A little maths produces the following exact result for the change in a team's percentage:

(1) New Percentage = Old Percentage + (%S - %C)/(1 + %C) * Old Percentage

where

%S = the points scored by the team in the game in question as a percentage of the points it has scored all season, excluding this game, and

%C = the points conceded by the team in the game in question as a percentage of the points it has conceded all season, excluding this game.

(In passing, I'll note that this equation makes it obvious that the only way for a team to increase its percentage on the basis of a single result is for %S to be greater than %C or, equivalently, for %S/%C to be greater than 1. Put another way, the team's percentage in the most current game needs to exceed its pre-game percentage.

This equation also puts a practical cap on the extent to which a team's percentage can alter based on the result of any one game at this stage of the season. For a team with a high percentage the term (%S - %C) will rarely exceed 5%, so a team with, for example, an existing percentage of 140 will find it hard to move that percentage by more than about 7 percentage points. Alternatively, a team with an existing percentage of just 70, which might at the extremes produce a (%S - %C) of 7%, will find it hard to move its percentage by more than about 5 percentage points in any one game.)

As an example of the use of equation (1) consider Sydney, who have scored 1,701 points this season and conceded 1,638, giving them a 103.8 percentage. If we assume, since this is Round 20, that they'll rack up a score this week that's about 5% of what they've previously scored all season and that they'll concede about 4%, then the formula tells us that their percentage will change by (5% - 4%)/(104%) * 103.8 = 1 percentage point.

Now 5% x 1,701 is about 85, and 4% x 1,638 is about 66, so we've implicitly assumed an 85-66 victory by the Swans in the previous paragraph. Recalculating Sydney's percentage the long way we get (1,701+85)/(1,638+66), which gives a 104.8 percentage and is, indeed, a 1 percentage point increase.

So we know that the formula works, which is nice, but not especially helpful.

To make equation (1) more helpful, we need firstly note that at this stage of the season the points that a team concedes in a game are unlikely to be a large proportion of the points they've already conceded so far in the entire season. So the (1+C%) in equation (1) is going to be very close to 1. That allows us to rewrite the equation as:

(2) Change in Percentage = (%S - %C) * Old Percentage

Now this equation makes it a little easier to play some what-if games.

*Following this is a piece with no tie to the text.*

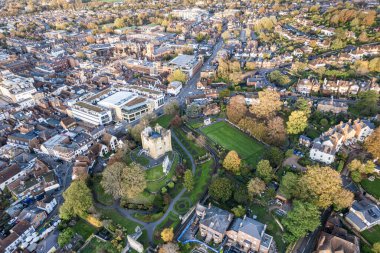 Guildford Kalesi 'nin ve Guildford, Surrey, Birleşik Krallık' ın şehir merkezinin güzel hava manzarası. Gündüz vakti.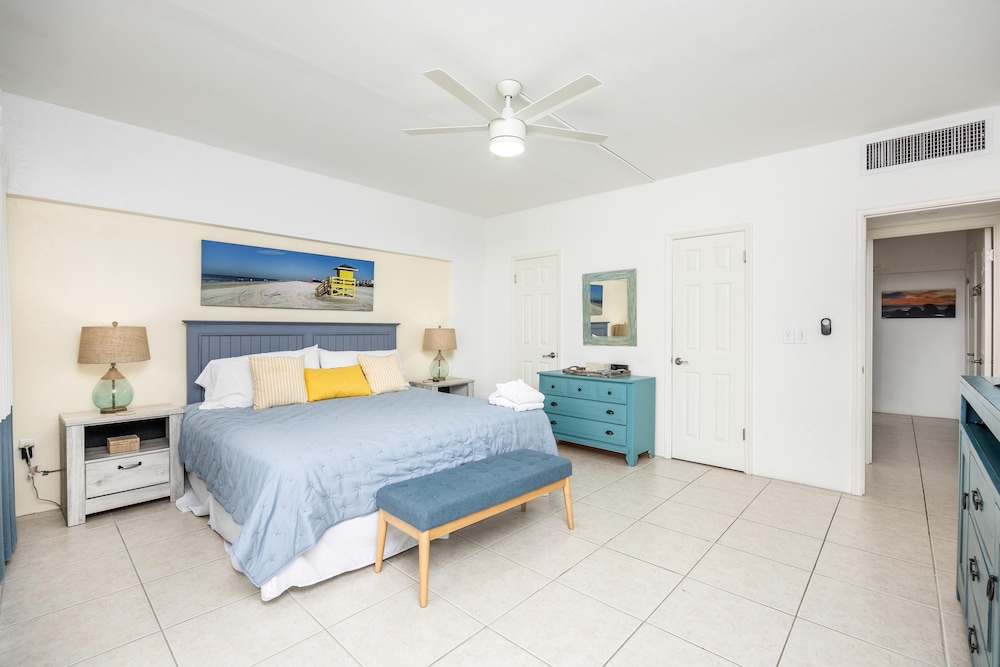 Condo, Multiple Beds (Jamaica Royale Beach View Tower - T32)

For example we can ask what it would take for Sydney, who are currently equal with Carlton on competition points, to lift their percentage above Carlton's this weekend. Sydney's percentage stands now at 103.8 and Carlton's at 107.0, so Sydney needs a 3.2 percentage point lift.

Using a rearranged version of Equation (2) we know that achieving a lift of 3.2 percentage points from a current percentage of 103.8 requires that (%S - %C) be greater than 3.2/103.8, or about 3%. Now, if we assume that Sydney will concede points roughly equal to its season-long average then %C will be 1/19 or a bit over 5%.

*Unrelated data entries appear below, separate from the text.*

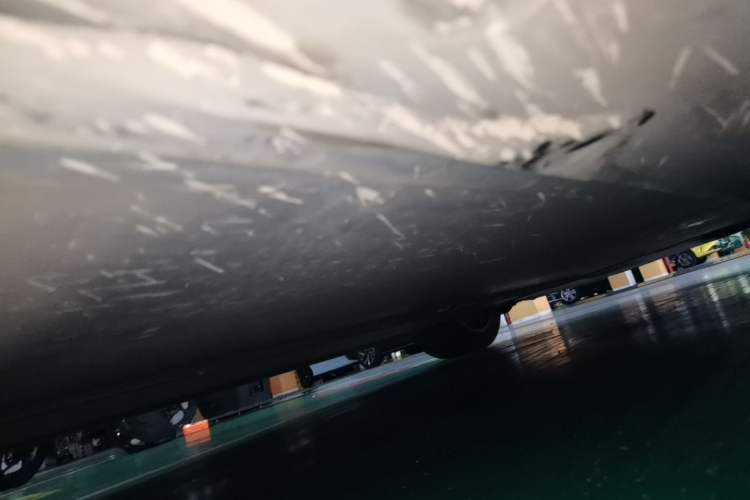 Used Tesla Model Y 2021 Standard Range Rear-Wheel Drive Version Right Side Sill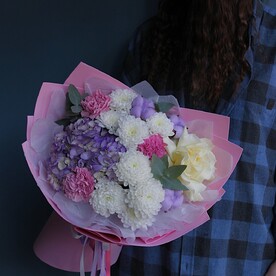 Букет с гортензией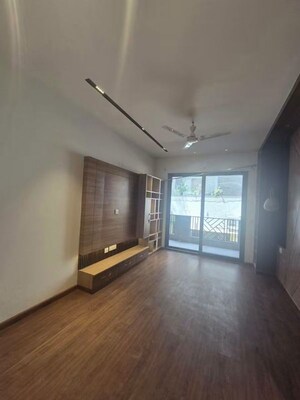 Room in 2 BHK Apartment at Conscient Habitat 102, Sector 102 – for Sale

So, to get the necessary lift in percentage, Sydney will need %S to be a bit over 5% + 3%, or 8%. To turn that into an actual score we take 8% x 1,701 (the number of points Sydney has scored in the season so far), which gives us a score of about 136. That's how many points Sydney will need to score to lift its percentage to around 107, assuming that its opponent this week (Fremantle) scores 5% x 1,638, which is approximately 82 points.

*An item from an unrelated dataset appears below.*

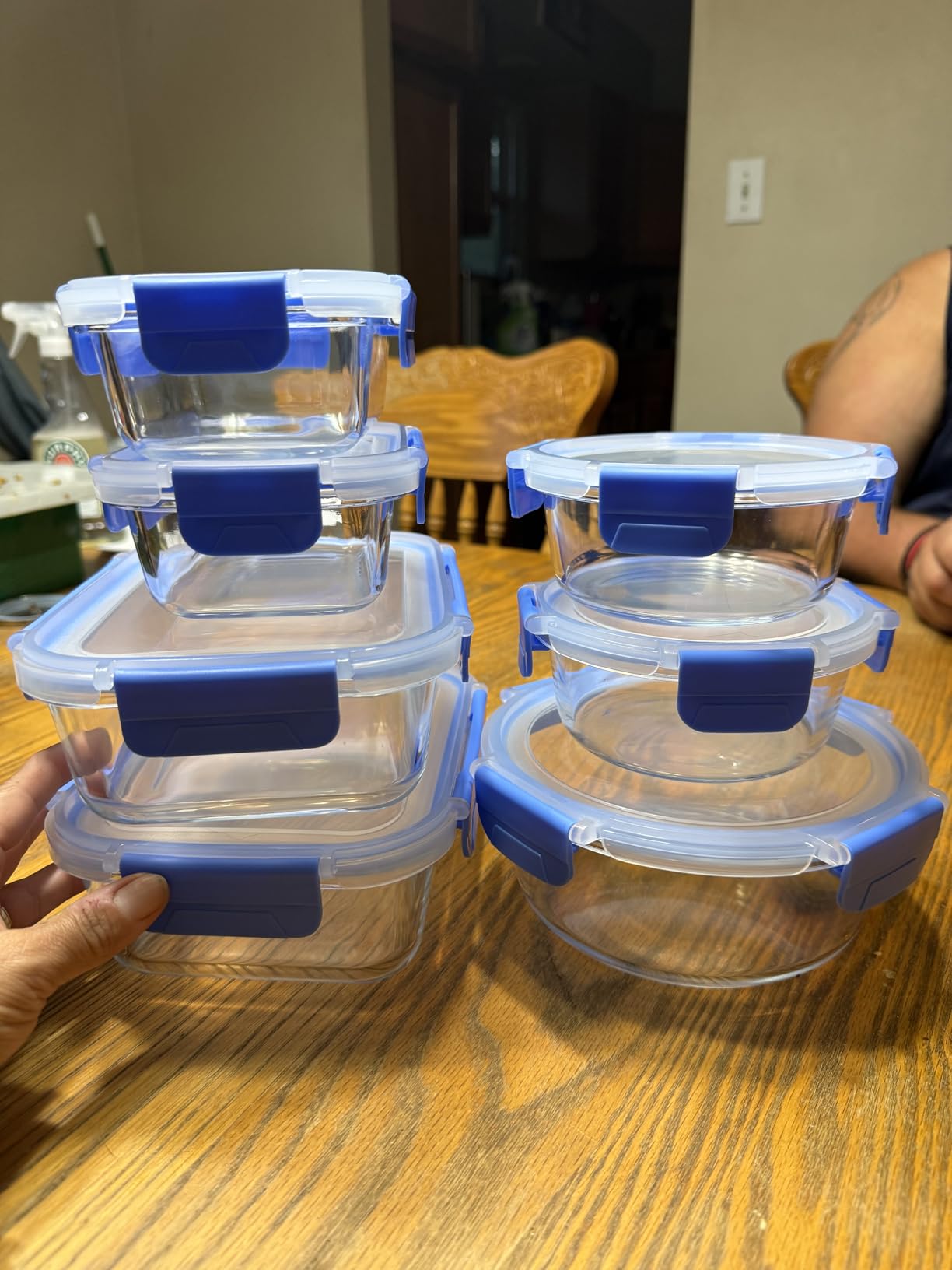 Amazon Basics Glass Food Storage Containers, Leak Proof, Oven Safe, Easy to Clean, Stain Resistant, Set of 7, 14 Pieces Including Lids, BPA-Free, Clear with Blue Silicone Ring customer photo 1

Within reasonable limits you can generalise this and say that Sydney needs to beat Fremantle by 54 points or more to lift its percentage to 107, regardless of the number of points Freo score. In reality, as Fremantle's score increase - and so %C rises - the margin of victory required by Sydney also rises, but only by a few points. A 60-point margin of victory will be enough to lift Sydney's percentage over Carlton's even in the unlikely event that the score in the Sydney v Freo game is as high as 170-110.

Okay, let's do one more what-if, this one a bit more complex.

What would it take for Melbourne to grab 8th spot this weekend? Well the Roos and Hawthorn would need to lose and the combined effect of Hawthorn's loss and Melbourne's win would need to drag Melbourne's percentage above Hawthorn's. Conveniently for us, Hawthorn and Melbourne meet this weekend. Even more conveniently, their respective points for and points against are all quite close: Hawthorn's scored 1,692 points and conceded 1,635; Melbourne's scored 1,599 and conceded 1,647.

The beauty of this fact is that, for both teams, in equation (2) Old Percentage is approximately 1 and, for any score, Hawthorn's %S will be approximately Melbourne's %C and vice versa. This means that any increase in percentage achieved by either team will be mirrored by an equivalent decrease in the percentage of the other.

All Melbourne needs do then to lift its percentage above Hawthorn's is to lift its percentage by one half the current difference. Melbourne's percentage stands at 97.1 and Hawthorn's at 103.5, so the difference is 6.4 and the target for Melbourne is an increase of 3.2 percentage points.

Melbourne then needs (%S-%C) to be a bit bigger than 3%. Since the divisors for both %S and %C are about the same we can re-express this by saying that Melbourne's margin of victory needs to be around 3% of the points it's conceded so far this season, which is 3% of 1,647 or around 50 points. Let's add on a few points to account for the fact that we need the margin to be a little over 3% and call the required margin 53 points.

So how good is our approximation? Well if Melbourne wins 123-70, Hawthorn's new percentage would be (1,692+70)/(1,635+123) = 1.002, and Melbourne's would be (1,599+123)/(1,647+70) = 1.003. Score 1 for the approximation. If, instead, it were a high-scoring game and Melbourne won 163-110, then Hawthorn's new percentage would be (1,692+110)/(1,635+163) = 1.002, and Melbourne's would be (1,599+163)/(1,647+100) = 1.003. So that works too.

In summary, a victory by the Dees over the Hawks by around 9-goals or more would, assuming the Roos lose to West Coast, propel Melbourne into the eight - not a confluence of events I'd be willing to wager large sums on, but a mathematical possibility nonetheless.